Collection

Portrait of Heriberto Casany, 1918

Joan Miró, Spanish

Credit: © 2024 Successió Miró / Artists Rights Society (ARS), New York / ADAGP, Paris

“Here in Barcelona, we lack courage,” Miró wrote in late 1917 to his studio-mate Enric Ricart. “We, the younger generation, could get together and exhibit every year, all together under the name of the “Chrome Yellow Salon,” for example, and pronounce virile manifestos. . . . We have to be men of action.” During the next few months Miró, Ricart, and several associates did band together—not as the Chrome Yellow group, but as the “Courbets,” in honor of the nineteenth-century French Realist famous for inciting controversy at official exhibitions. Their devotion to modern French painting notwithstanding, the Courbets were committed both to Catalan tradition and to radical pictorial innovation. Among the three works that Miró presented when the Courbets first showed together in 1918, this portrait of his art-school friend Heriberto Casany, with his spindly fingers and the undulating folds in his tweed suit jacket, resembles saints depicted in medieval Catalan frescoes with gold backgrounds. Casany’s attribute is quintessentially modern: a framed cartoonlike image of an automobile, which apparently refers to his father’s cab-rental business.

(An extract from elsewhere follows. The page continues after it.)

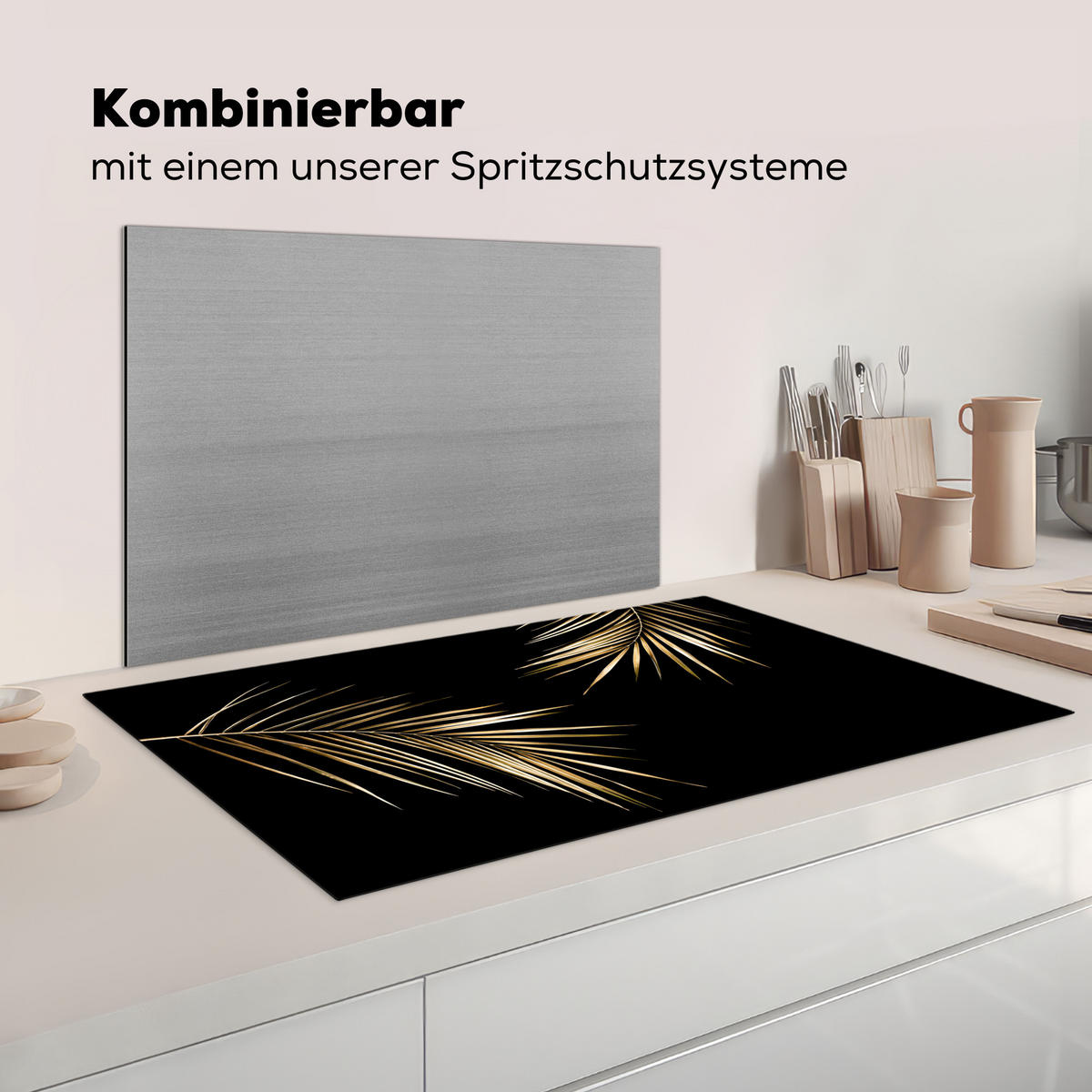 HERDABDECKPLATTE Blätter - Pflanzen - Gold - Schwarz - Luxus Ceranfeldabdeckung 90x52 cm - Goldfarben, Kunststoff (90/52/0.2cm) - MuchoWow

Treated in Fauvist fashion, with disconcerting green, yellow, and violet shadows, Casany’s schematized features appear animated with a life force. As Miró explained later, “Even in my portraits, where I tried to capture the immobility of presence . . . I tried to get the vibration of the creative spirit into my work.” Miró’s treatment of his friend’s fine haberdashery, his rendering of the stripes and texture with undulating lines and white specks, makes the inanimate tweed as vividly alive as the sitter. Just such attention to minute details would become the basis for the highly poetic, pulsating pictorial language Miró developed in the following decades to evoke tilled fields, starry nights, and nature in all its abundance.

Provenance

Provenance

René Gaffé [1887-1968], Brussels, 1929.

(Pierre Matisse Gallery, New York), February 1937;

Walter P. Chrysler, Jr. [1909-1988], New York, 1939;

(his sale, Parke-Bernet Galleries, New York, 16 February 1950, no. 57);

Edward A. Bragaline, New York, by November 1951;

(E. V. Thaw & Co., Inc., New York);

purchased by Kimbell Art Foundation, Fort Worth, 1984.